## [EXCERPTED RECORDS]
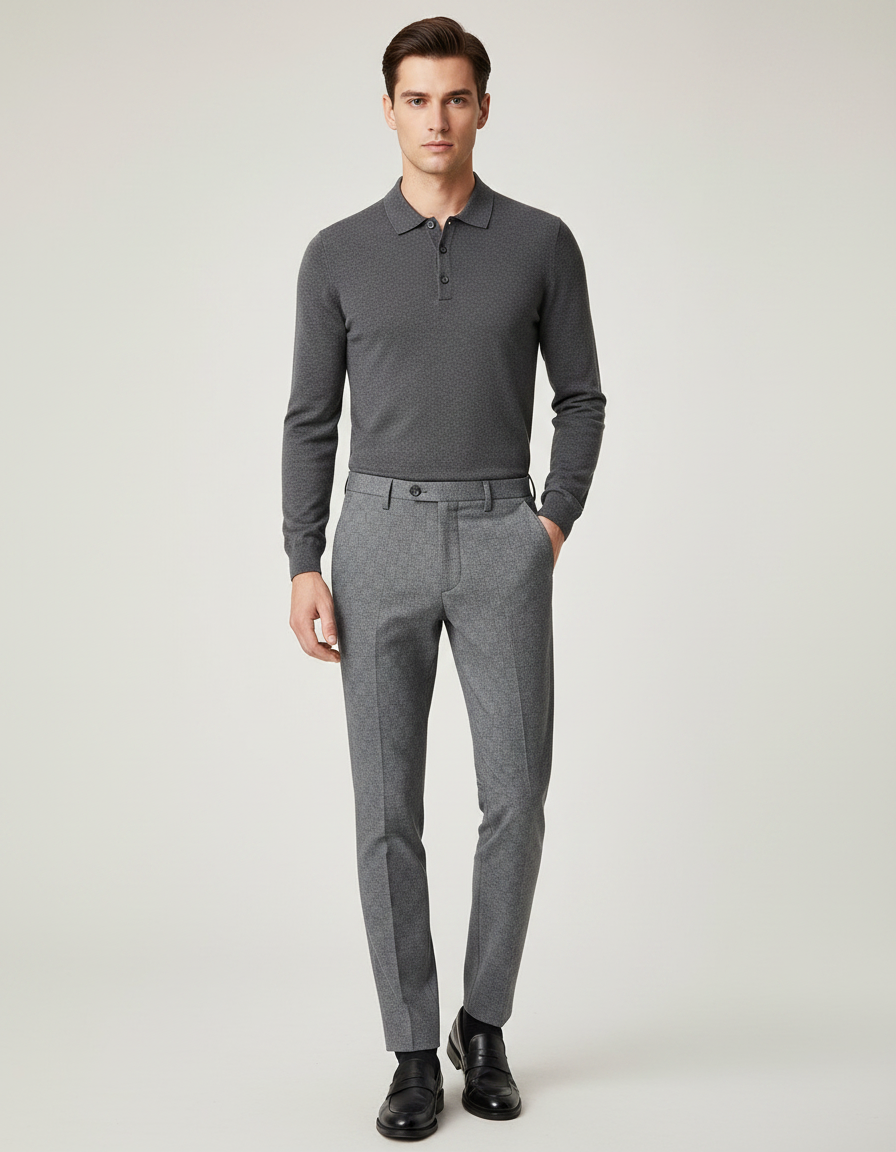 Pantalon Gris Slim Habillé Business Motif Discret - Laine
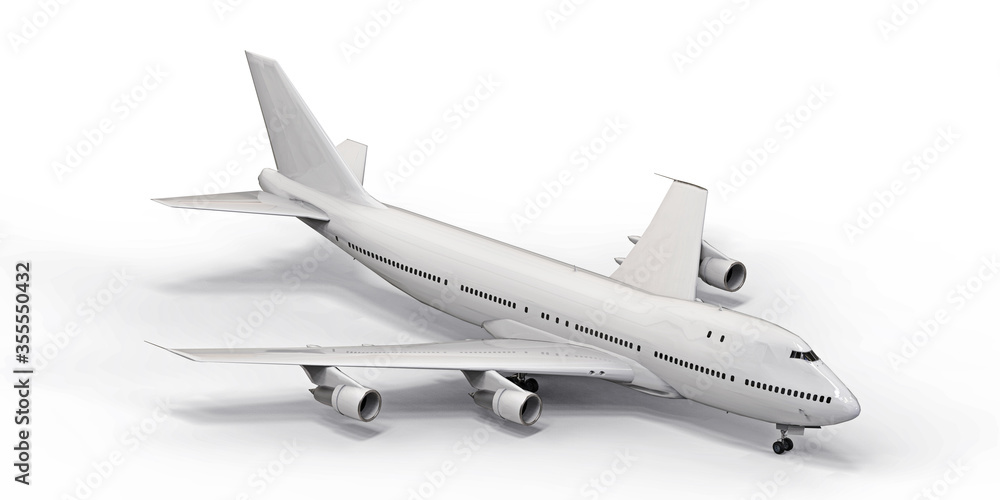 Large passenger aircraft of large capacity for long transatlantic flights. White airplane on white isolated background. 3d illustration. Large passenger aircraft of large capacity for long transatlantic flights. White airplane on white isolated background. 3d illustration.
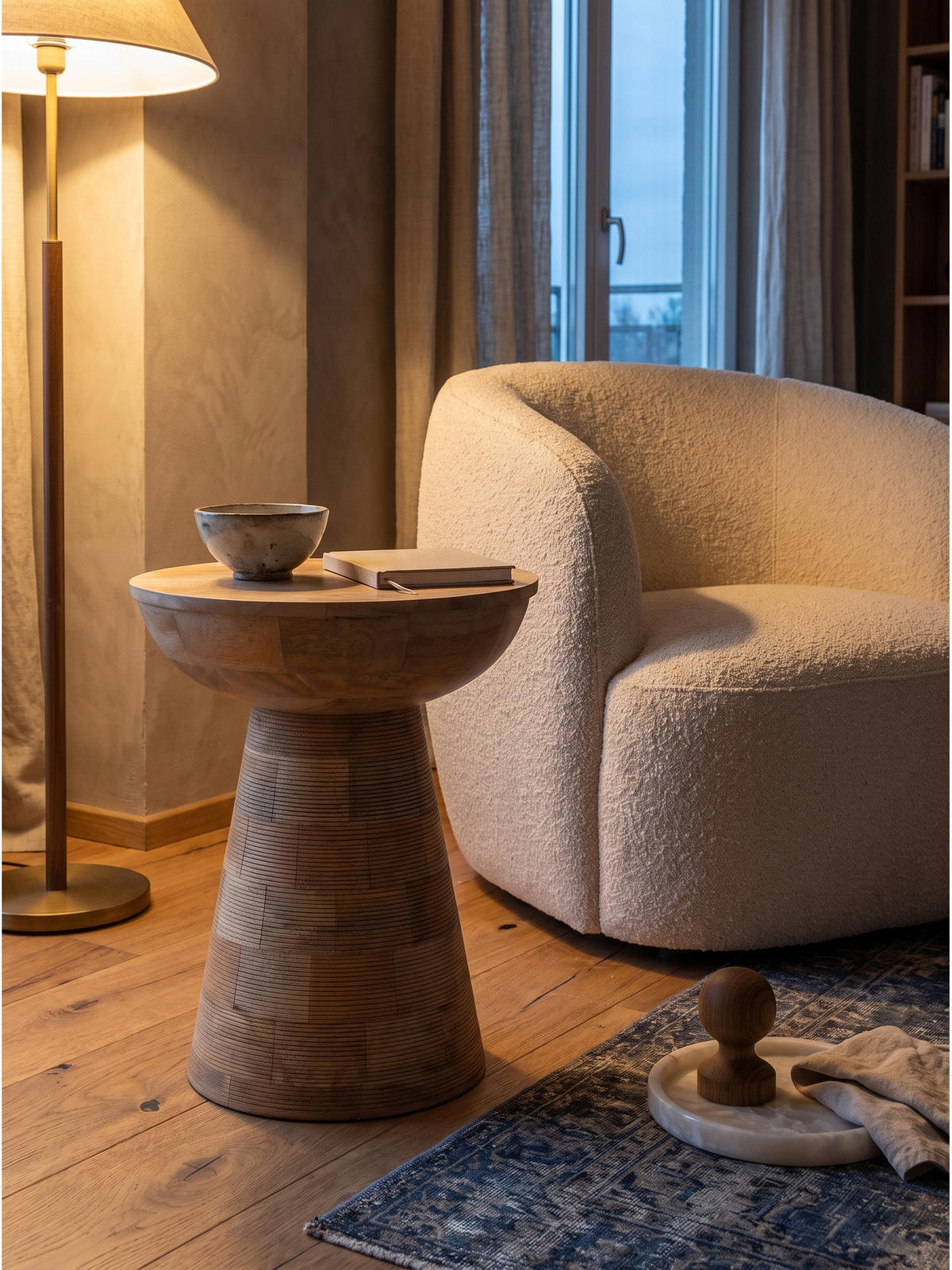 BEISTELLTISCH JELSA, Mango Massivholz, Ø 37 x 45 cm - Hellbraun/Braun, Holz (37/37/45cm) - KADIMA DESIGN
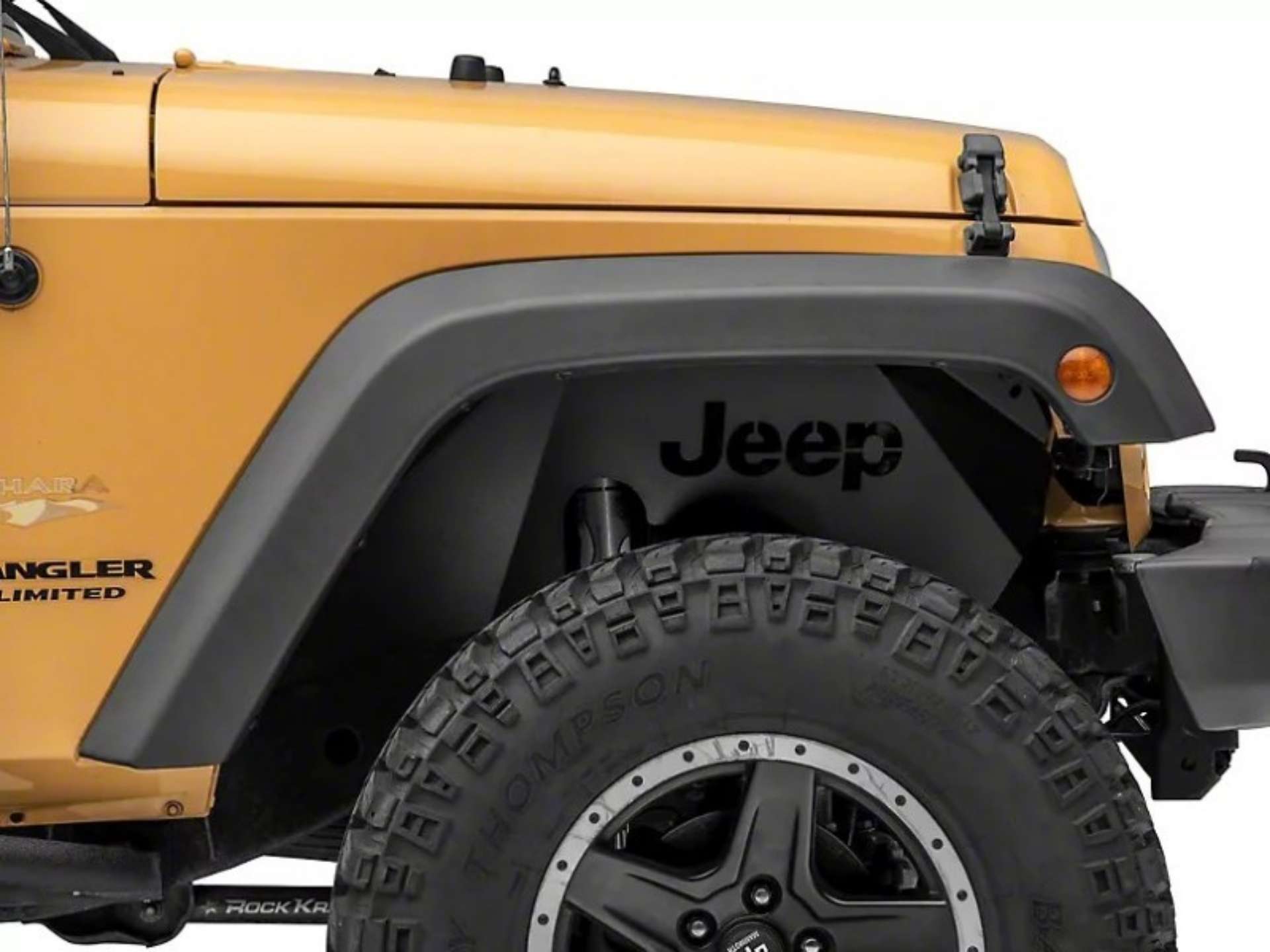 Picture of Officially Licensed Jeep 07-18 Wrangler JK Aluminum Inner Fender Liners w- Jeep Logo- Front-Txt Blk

* * *

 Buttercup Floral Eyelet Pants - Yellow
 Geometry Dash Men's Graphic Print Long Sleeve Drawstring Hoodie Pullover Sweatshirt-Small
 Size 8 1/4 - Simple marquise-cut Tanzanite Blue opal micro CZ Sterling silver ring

## [ACTION ITEM]
Without the pictures, give again exactly the lines above starting at the line containing "3d illustration. Large" and ending at the line containing "Picture of Officially".

## [RESULT FOR THIS TASK]
 Large passenger aircraft of large capacity for long transatlantic flights. White airplane on white isolated background. 3d illustration. Large passenger aircraft of large capacity for long transatlantic flights. White airplane on white isolated background. 3d illustration.
 BEISTELLTISCH JELSA, Mango Massivholz, Ø 37 x 45 cm - Hellbraun/Braun, Holz (37/37/45cm) - KADIMA DESIGN
 Picture of Officially Licensed Jeep 07-18 Wrangler JK Aluminum Inner Fender Liners w- Jeep Logo- Front-Txt Blk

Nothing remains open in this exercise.